Re: Most infamous "Last words":
by chargrill (Parson) on Aug 25, 2006 at 04:56 UTC

    I voted for "reformat and reinstall".

    I was having trouble after trouble with my perl installation on cygwin at my new job. CPAN was broken - refused to run make. I'd use it to get get modules, then cd ~/.cpan/build/module-dir; make && make test.... Had to work out the dependencies myself. Then cygwin/X stopped working. "Screw this, I'll just blow away C:\cygwin and start from scratch".

    Half a day later, and I think I have most of the modules I had worked so hard to get installed the first time re-installed. CPAN is still a little funky (serves me right for keeping a "hand-me-down" computer instead of insisting on a freshly imaged box) but let me tell you that reformating and reinstalling is not always the best option :)



    --chargrill
    $,=42;for(34,0,-3,9,-11,11,-17,7,-5){$*.=pack'c'=>$,+=$_}for(reverse s +plit//=>$* ){$%++?$ %%2?push@C,$_,$":push@c,$_,$":(push@C,$_,$")&&push@c,$"}$C[$# +C]=$/;($#C >$#c)?($ c=\@C)&&($ C=\@c):($ c=\@c)&&($C=\@C);$%=$|;for(@$c){print$_^ +$$C[$%++]}
Re: Most infamous "Last words":
by swampyankee (Parson) on Aug 25, 2006 at 16:31 UTC

    Those famous programming last words: "It's just a trivial change; I don't need to test anything." are missing.

    In my old age, I've learned to test after making changes in comment text.

    emc

    Only two things are infinite, the universe and human stupidity, and I'm not sure about the former.

    Albert Einstein
Re: Most infamous "Last words": (what happened?)
by tye (Sage) on Aug 27, 2006 at 06:31 UTC

      Wow! That looks just as confusing as hardburn's old signature:

      : () { :|:& };:
      I've never realized what that signature was supposed to be until someone mentioned it on IRC and told me what language it was in.

      (It's a bash command.)

Re: Most infamous "Last words":
by b10m (Vicar) on Aug 25, 2006 at 07:51 UTC

    Instead of "last words", there are of course also "last actions" ... a Yahoo/Google/{insert fav. search engine} query like "unrm for ext3"/"howto undelete ext3" for instance ;-)

    --
    b10m

    All code is usually tested, but rarely trusted.
Re: Most infamous "Last words":
by jcoxen (Deacon) on Aug 25, 2006 at 10:50 UTC
    Strictly speaking, that first option should read

    <Southern accent>"Hey, Ya'll.

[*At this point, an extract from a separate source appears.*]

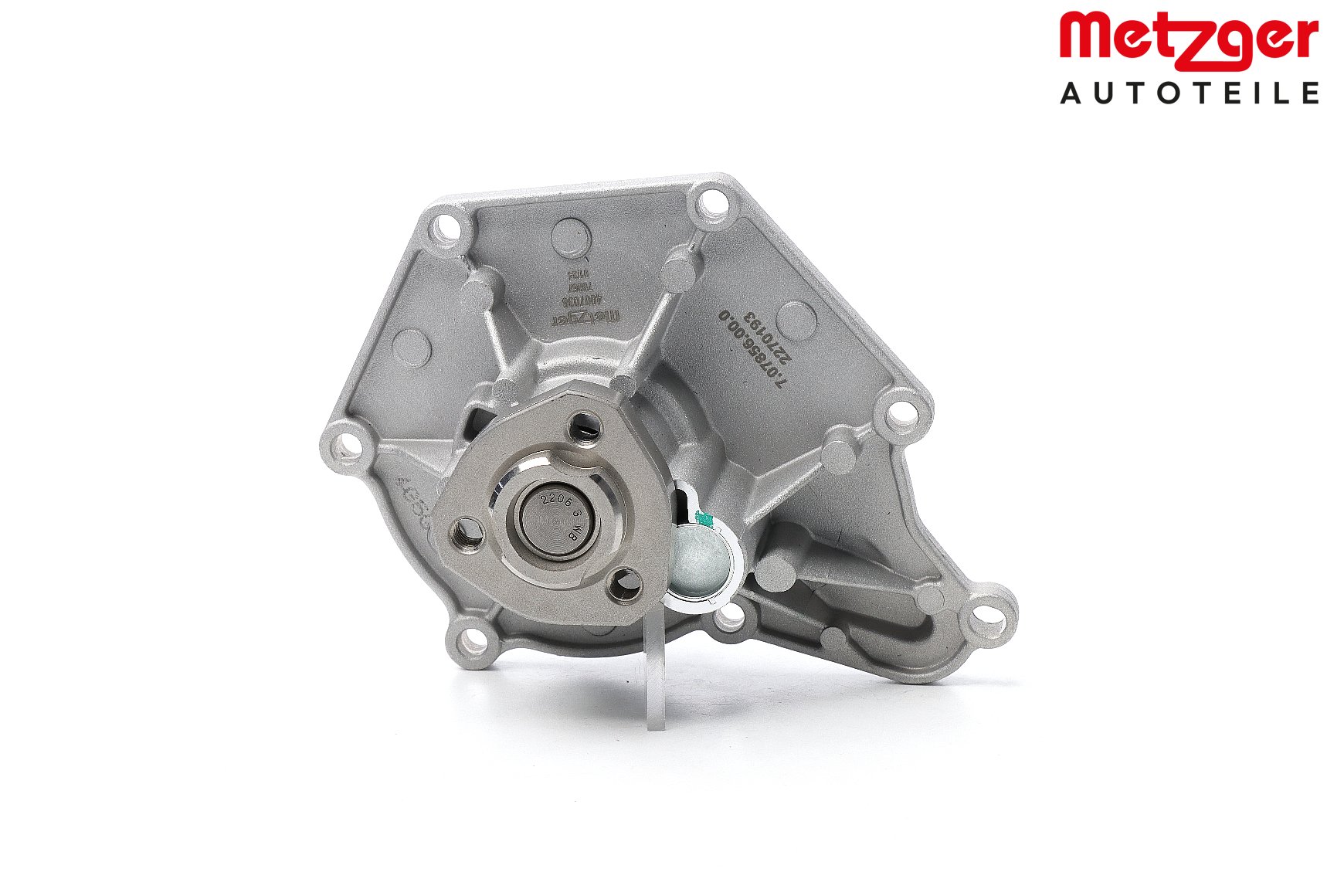 METZGER 4007036 Pompa wodna Audi A4 B8 Avant 3.0 TDI quattro 245 KM olej napędowy 2013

Watch this!!!"</Southern accent>

    Jack

      As a native of a small town in the southern U.S., I take umbrage at this post. Or at least I will when I stop laughing at it.

      --DrWhy

      "If God had meant for us to think for ourselves he would have given us brains. Oh, wait..."

        Hey, we got rednecks (or at least redneck wannabes) up North.

        The originals are better. At least they've got (a) senses of humor and (b) know where to get good sausage & biscuits

        emc

        Only two things are infinite, the universe and human stupidity, and I'm not sure about the former.

        Albert Einstein
        Since I grew up in East Tennessee and Southern West Virginia, I'm allowed to make Southern jokes. 'Course, now I live in a small town in North-central Pennsylvania - way North of the Manson-Nixon line - and there's more Rednecks around here than I every saw down south.

        Jack

      "Hey, Ya'll. Watch this!!!"

      Or, "hold my beer and watch this". Actually, I heard that one on vacation, just as the man in question stood on top of a little red wagon and had somebody else push him down the hill towards a ramp...

      IIRC, it was comedian Todd Yohn who did that, on some Bob and Tom album, claiming it was the most common last words by stupid rednecks. He then followed it up with "Them's my people!"

      Of course, the second most common last words of stupid rednecks would be "Hell, I can do that."

      --
      tbone1, YAPS (Yet Another Perl Schlub)
      And remember, if he succeeds, so what.
      - Chick McGee

Re: Most infamous "Last words":
by blue_cowdawg (Monsignor) on Aug 25, 2006 at 20:33 UTC
        Clip the blue wire first....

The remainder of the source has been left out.